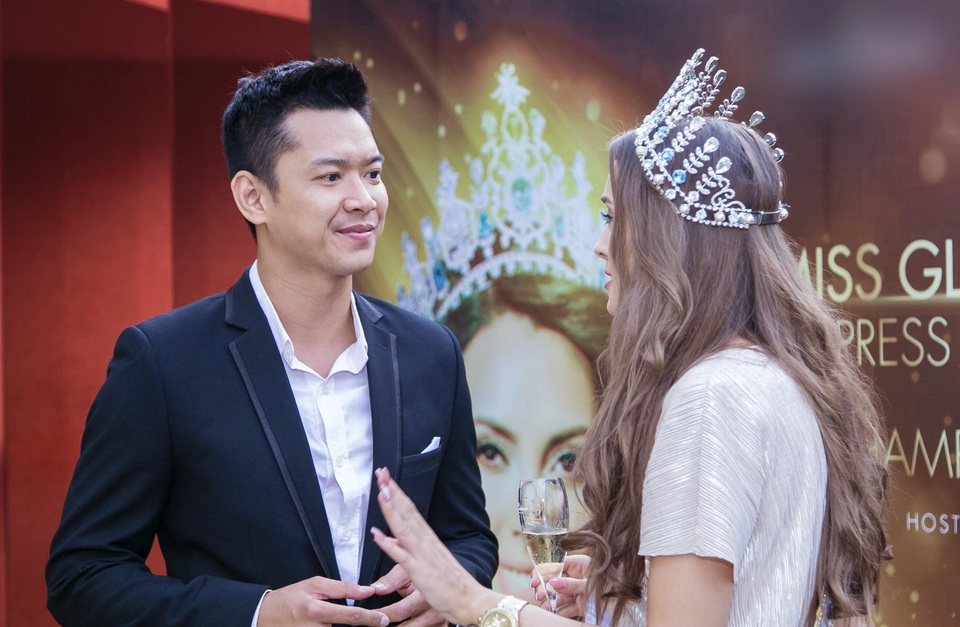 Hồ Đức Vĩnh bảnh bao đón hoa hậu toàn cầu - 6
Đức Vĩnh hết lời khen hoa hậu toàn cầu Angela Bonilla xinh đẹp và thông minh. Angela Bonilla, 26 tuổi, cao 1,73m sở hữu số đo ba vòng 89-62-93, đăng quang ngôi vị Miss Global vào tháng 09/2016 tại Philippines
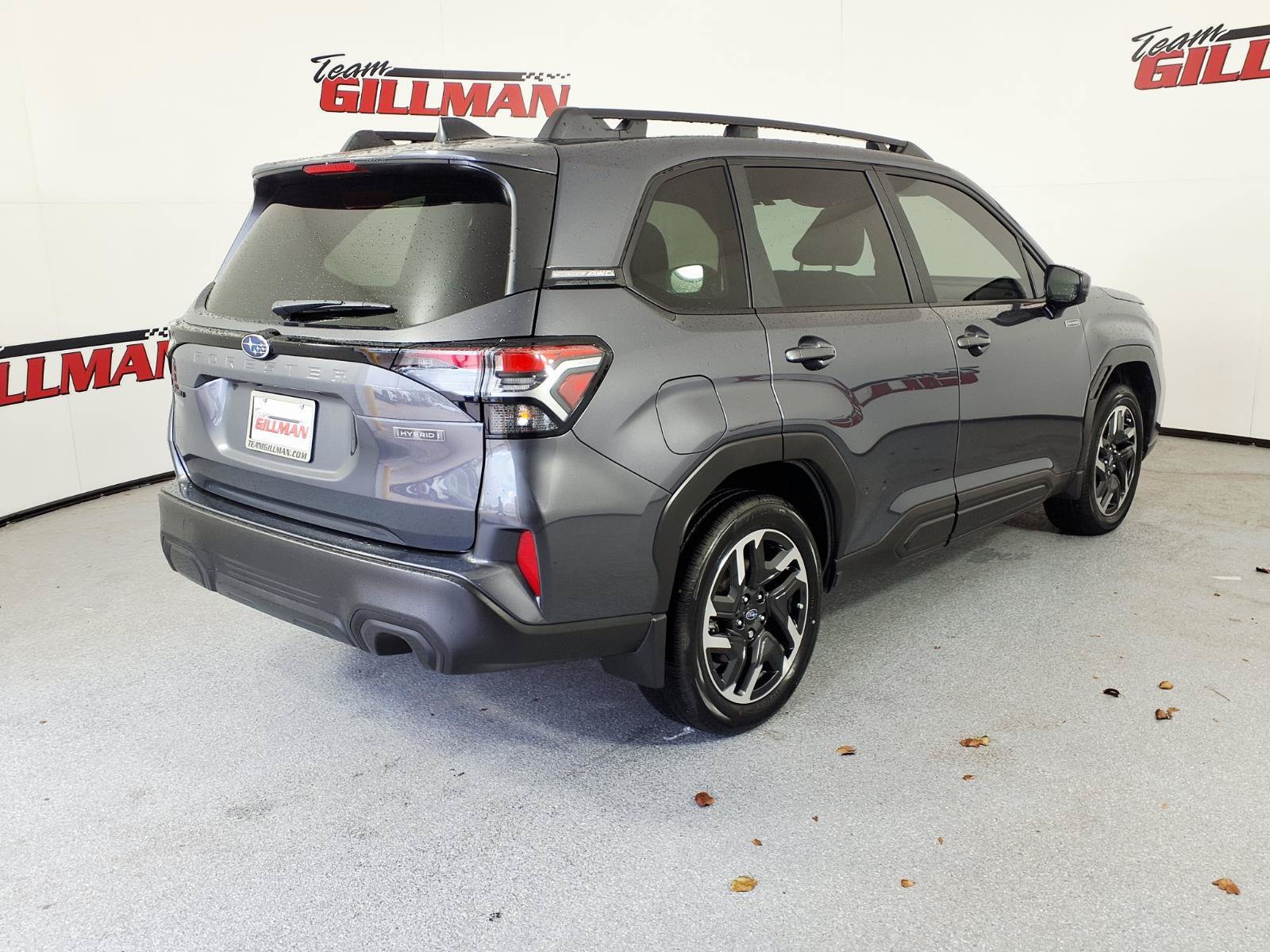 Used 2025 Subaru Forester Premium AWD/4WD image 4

* **What is needed**:
Lines before the one containing "Đức Vĩnh hết" are not wanted; write out that line and every later line through the end of the data above, exactly, without pictures.

* **The answer**:
Đức Vĩnh hết lời khen hoa hậu toàn cầu Angela Bonilla xinh đẹp và thông minh. Angela Bonilla, 26 tuổi, cao 1,73m sở hữu số đo ba vòng 89-62-93, đăng quang ngôi vị Miss Global vào tháng 09/2016 tại Philippines
 Used 2025 Subaru Forester Premium AWD/4WD image 4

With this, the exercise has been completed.